Fouché, ombre et lumière

Une biographie du redoutable ministre de la police de Napoléon.

     Quand un ministre de l’Intérieur prend ses fonctions, il invoque souvent Georges Clemenceau, son illustre prédécesseur Place Beauvau. On imagine mal un membre du gouvernement se revendiquer de Joseph Fouché, qui fut un des plus efficaces ministres de la Police de notre Histoire, mais qui traîne une réputation sulfureuse.
      Emmanuel de Waresquiel, qui lui consacre une biographie de 800 pages, confesse que le personnage, à l’origine, ne lui était pas sympathique.
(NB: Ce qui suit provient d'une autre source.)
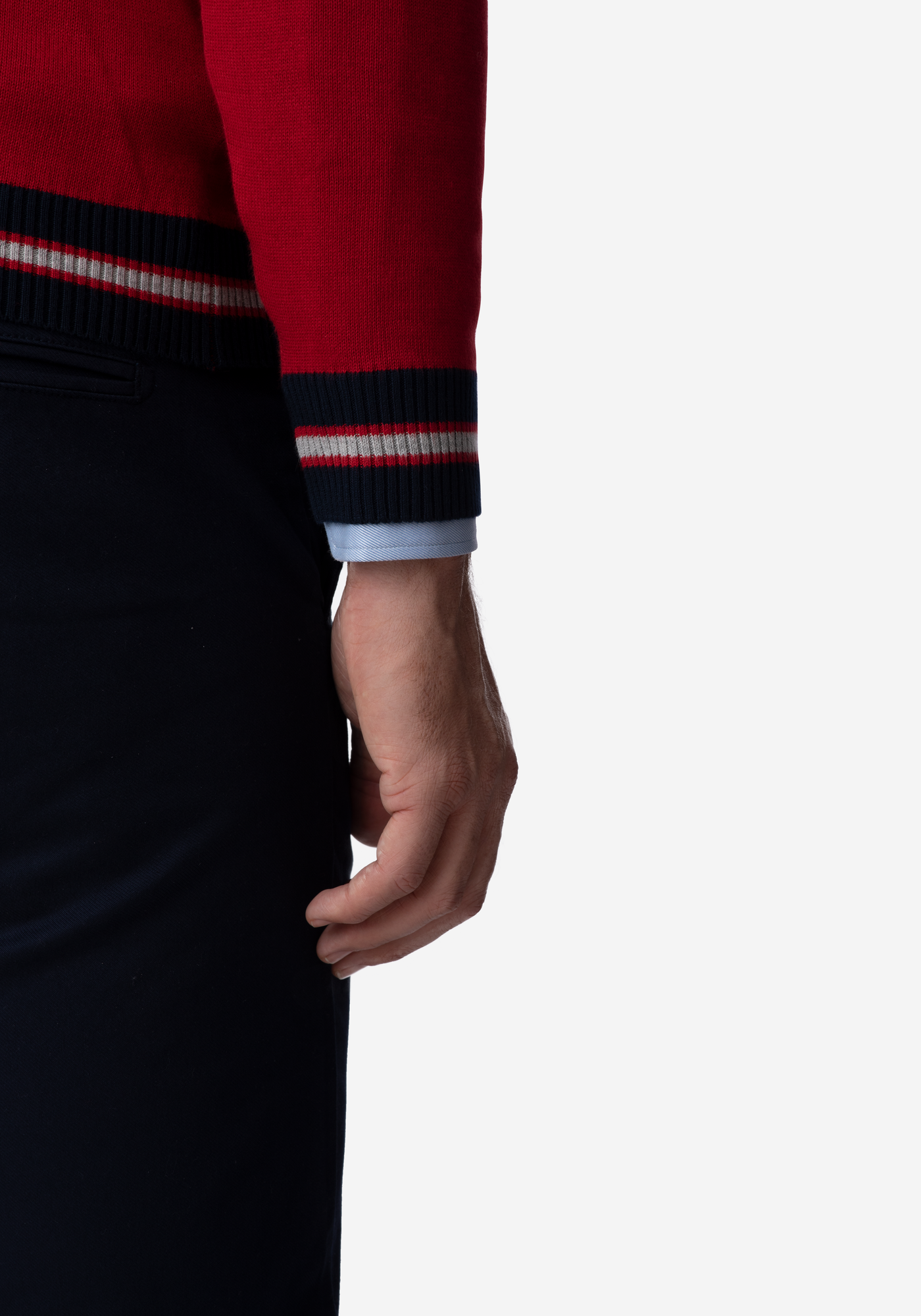 Cherry Red Rhombus V-Neck Pullover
Pour se lancer dans cette aventure, il lui aura fallu la découverte d’un fonds d’archives privé qui ouvrait des perspectives inédites. Ancien élève de l’ENS et chercheur à l’Ecole pratique des hautes études, Waresquiel, il y a dix ans, avait publié une mémorable biographie de Talleyrand. Il récidive avec un Fouché qui s’inscrit d’emblée dans les grands livres de la rentrée. Ayant puisé à toutes les sources possibles, l’auteur jette une lumière nouvelle sur une figure dont on croyait tout savoir.
     Religieux de l’Oratoire sans être prêtre, Joseph Fouché est professeur de collège. Rallié à la Révolution, député à la Convention, il vote la mort de Louis XVI et participe activement à la Terreur. Emporté par la chute de Robespierre à laquelle il a néanmoins travaillé, rattrapé par Barras, il est nommé ministre de la Police en 1799, entrant au service de Bonaparte lors du 18 Brumaire. Jusqu’en 1809, à part une interruption de deux ans, il sera le maître d’un réseau d’informateurs qui le fera craindre même par Napoléon. Disgracié mais titré duc d’Otrante, il reprendra son poste pendant les Cent-Jours, puis contribuera au retour de Louis XVIII, en 1814, avant d’être contraint à l’exil par l’ordonnance frappant les régicides. Il mourra à Trieste, en 1820, haï des légitimistes, des bonapartistes et des républicains.
     Chateaubriand, Balzac, Dumas et Hugo tisseront sa légende noire. A la suite de Louis Madelin et de Jean Tulard, l’historien Waresquiel cherche, chez Fouché, la vérité d’un homme. Le portrait fait ressortir « l’ambivalence » et les « contradictions » d’un protagoniste majeur de la transition entre l’ancienne et la nouvelle société, confronté au défi de la refondation de l’Etat après la Révolution. La démonstration de l’auteur est convaincante. Elle ne parvient pas, cependant, à inspirer de l’amitié pour son personnage : la « pieuvre » Fouché n’est pas de ces héros que l’on aime admirer.

Jean Sévillia

Fouché. Les silences de la pieuvre, d’Emmanuel de Waresquiel, Tallandier/Fayard, 882 p., 29,90 €.